Further on, the cyclepath goes by the side of the road over the M11, and where it goes up to the bridge on either side, the soil has been subject to subsidence. The path was just about cyclable for about a handsbreadth from the kerb where it joined the bridge, there otherwise being a serious step; and on the town-ward side, the path is starting to slide down the slope to the left. In the same intervening period, a line of blocks has been placed narrowing the road, so that cyclists could use the meter-strip at the edge of the road instead of the cyclepath. I had fondly assumed that as a couple of weeks had elapsed, the repair work would be well advanced. But no. All that's been done is to put in a dropped kerb at each side of the bridge and a diversion sign. So much for a transport policy to encourage the cyclist.

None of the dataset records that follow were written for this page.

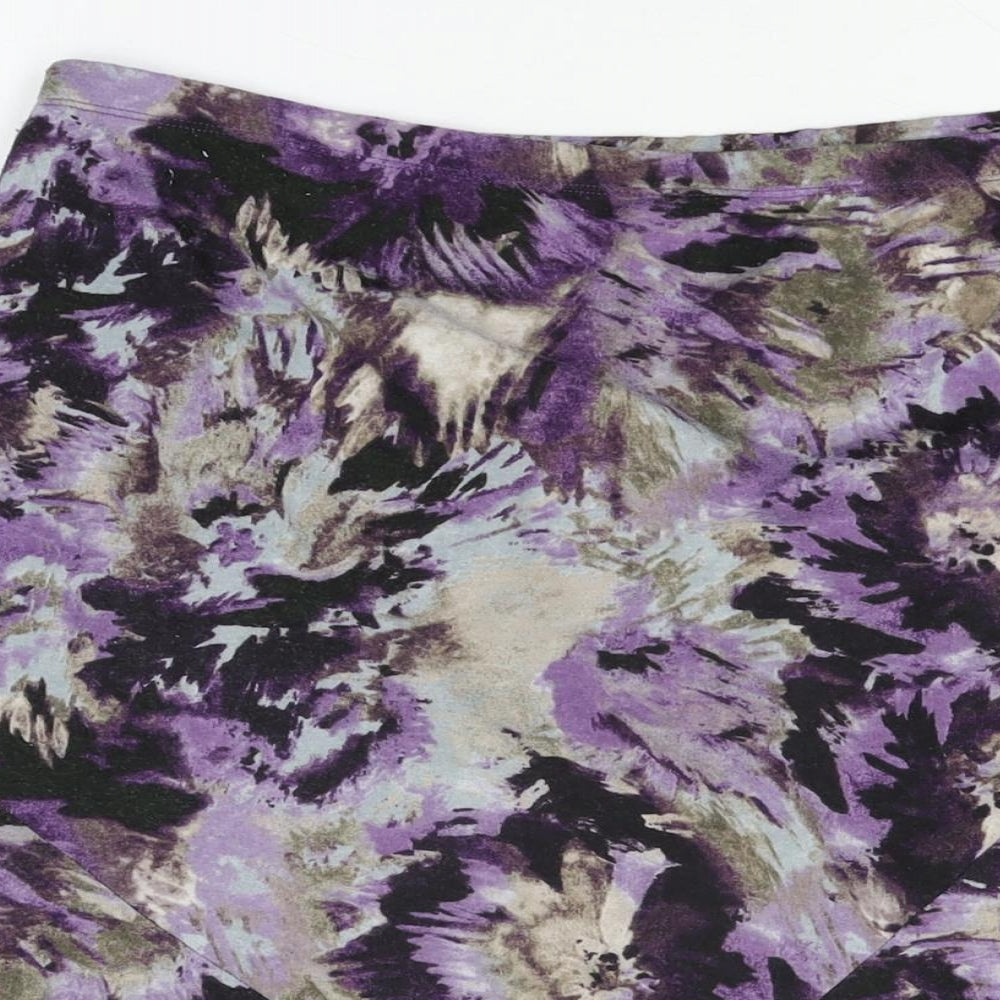 Marks and Spencer Womens Purple Geometric Polyester Swing Skirt Size 18 - Tie Dye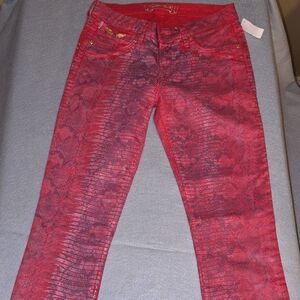 Robin's Jean Red Snake-Print Skinny Jeans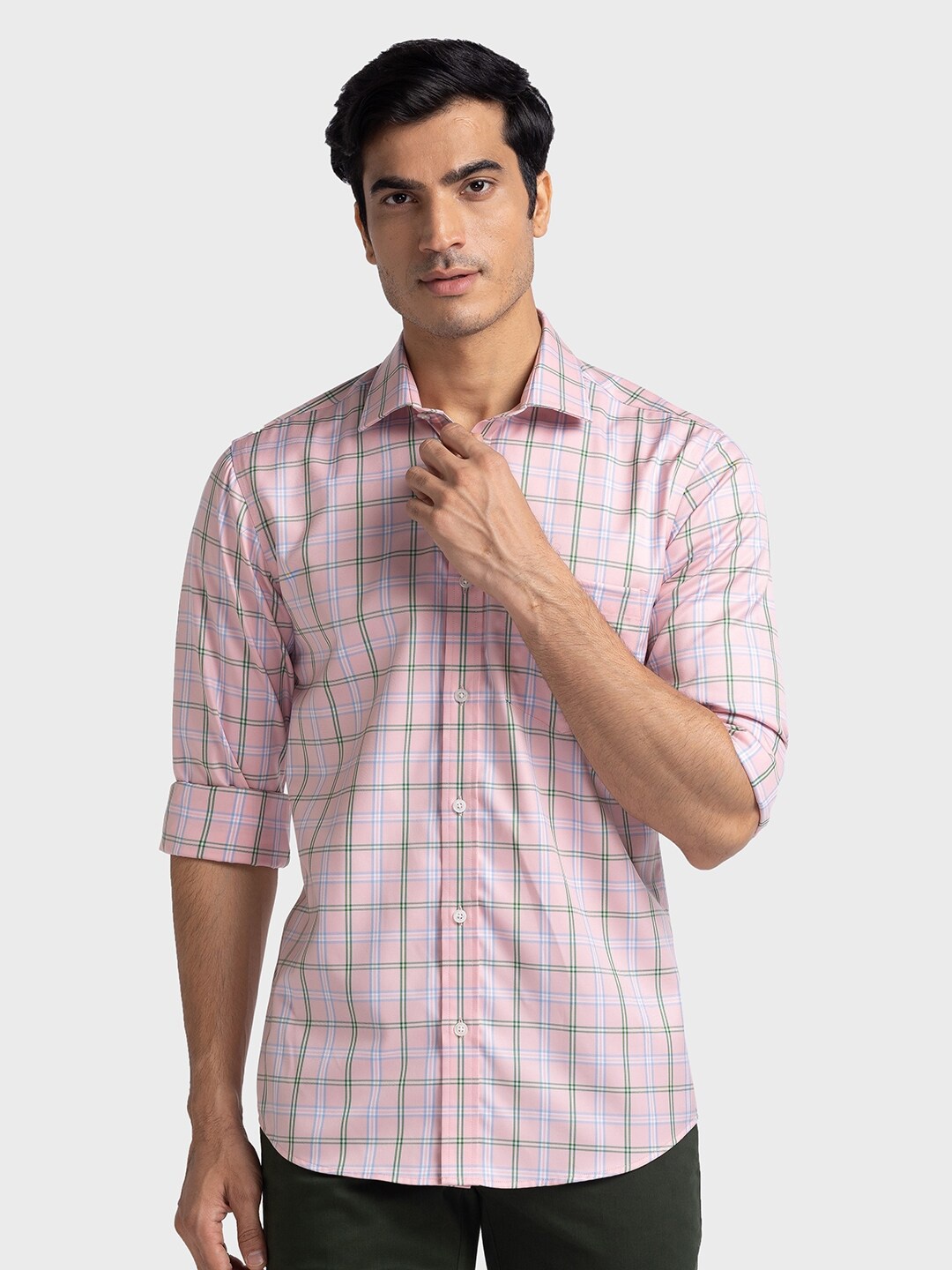 

ColorPlus Tailored Fit Checked Pure Cotton Casual Shirt, Pink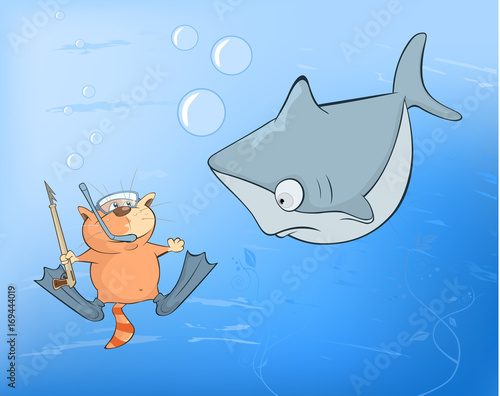  Illustration of a Cute Cat Underwater Adventures
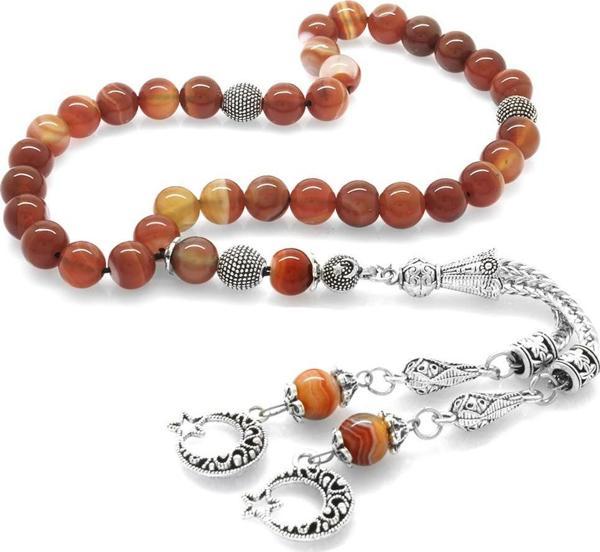 Kararmaz Metal Ayyıldız Püsküllü Küre Kesim Kırmızı-Beyaz Akik Doğaltaş Tesbih - Image 1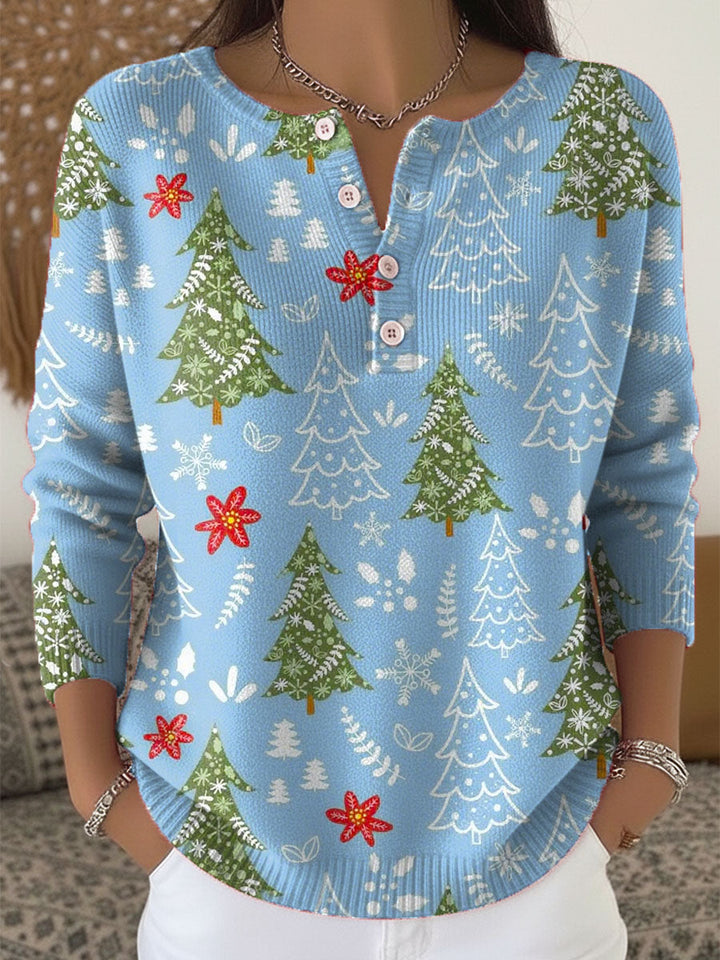 Women's Blouse | Holiday Print Button Placket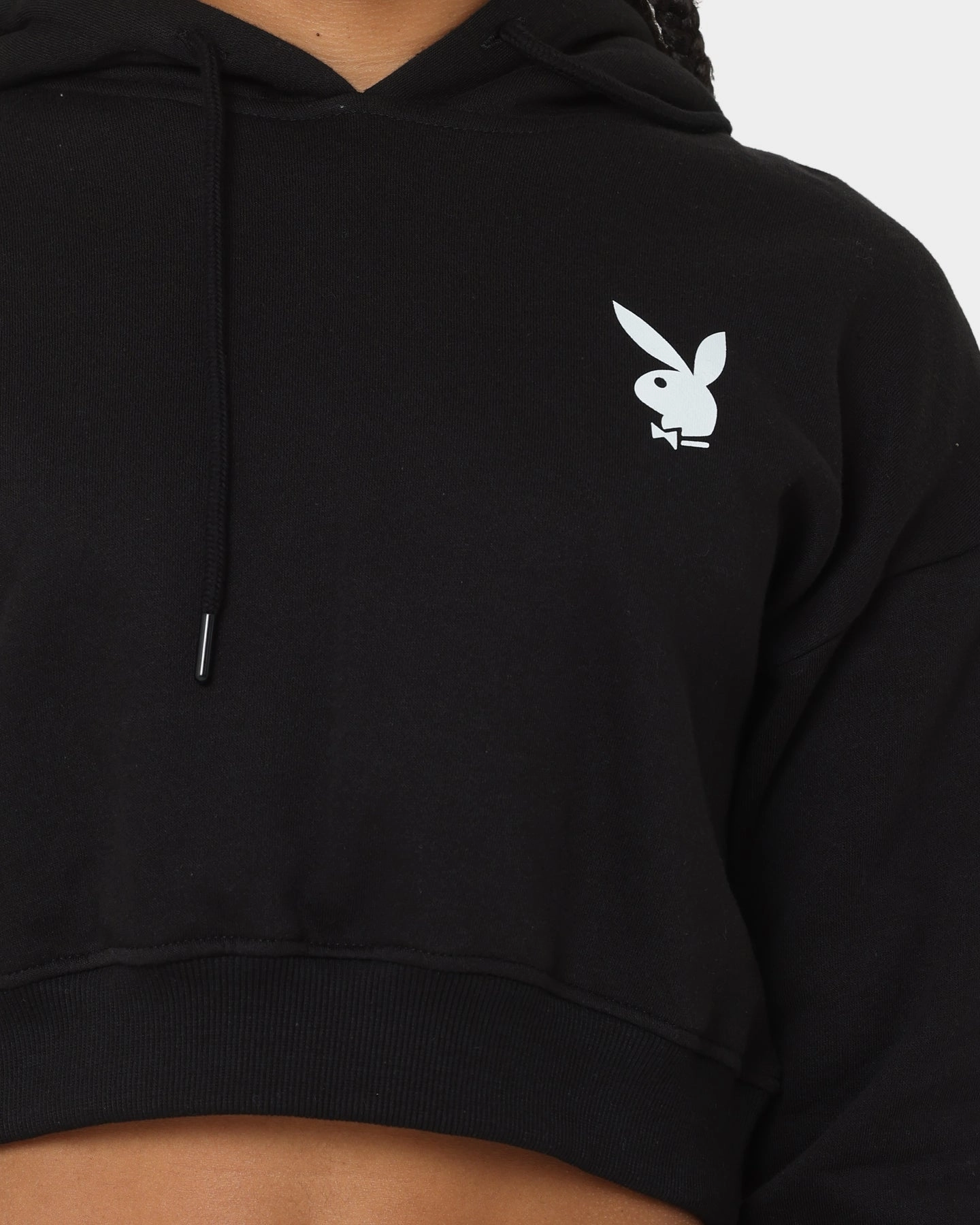 Playboy Women's Bunny O Crop Hoodie Black Stretch Comfort Internal Security Pocket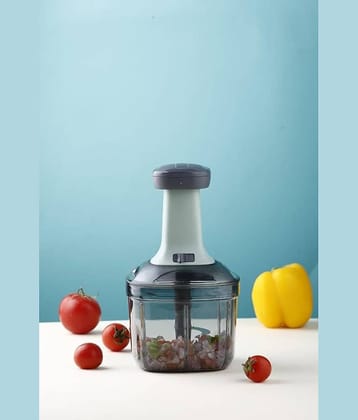 iview kitchenware Vegetable Chopper Multicolor Plastic Mannual Chopper 900 ml ( Pack of 1 )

Please give (blood) generously

Friday night it was time to take Smoke back to the vets for another blood test for hyperthyroid, and a repeat prescription. Last time, the sample was taken from a vein in his throat while he was under for the dental work also being done. This time he was conscious, and is back up to 6kg, filling out from being almost all skin and bone.

So as the vet advances on his right forearm with the scissors to clip back the fur, he starts to retreat. An assistant is called in to hang onto said hind limbs. Smoke starts to howl, with all the resonance of a large chested (ex-)tom, and flail with the other forepaw. So I hang onto that, as the vet tries to get the needle into a vein.

At this point I become very glad that Smoke no longer has his two top canines, as he sinks his teeth into the back of my hand, and keeps them there while the vet has to make a second puncturing of the skin to actually find the vein. At this point, Smoke loses bladder control - and being a big cat, he did not do this by halves (even when just spraying to mark territory, he lets fly with spoonsful) "<Expression of surprise> - he's pissing for England here!" was the vet's reaction.

By now a little blood had accumulated in the sample tube - maybe a quarter of a cc at most - and probably about the same as I'd now leaked, so we called a halt, while I was directed over to the vet's scrubbing sink and heavy duty surgical antiseptic wash. At least that meant that the vet and her assistant were left to mop up.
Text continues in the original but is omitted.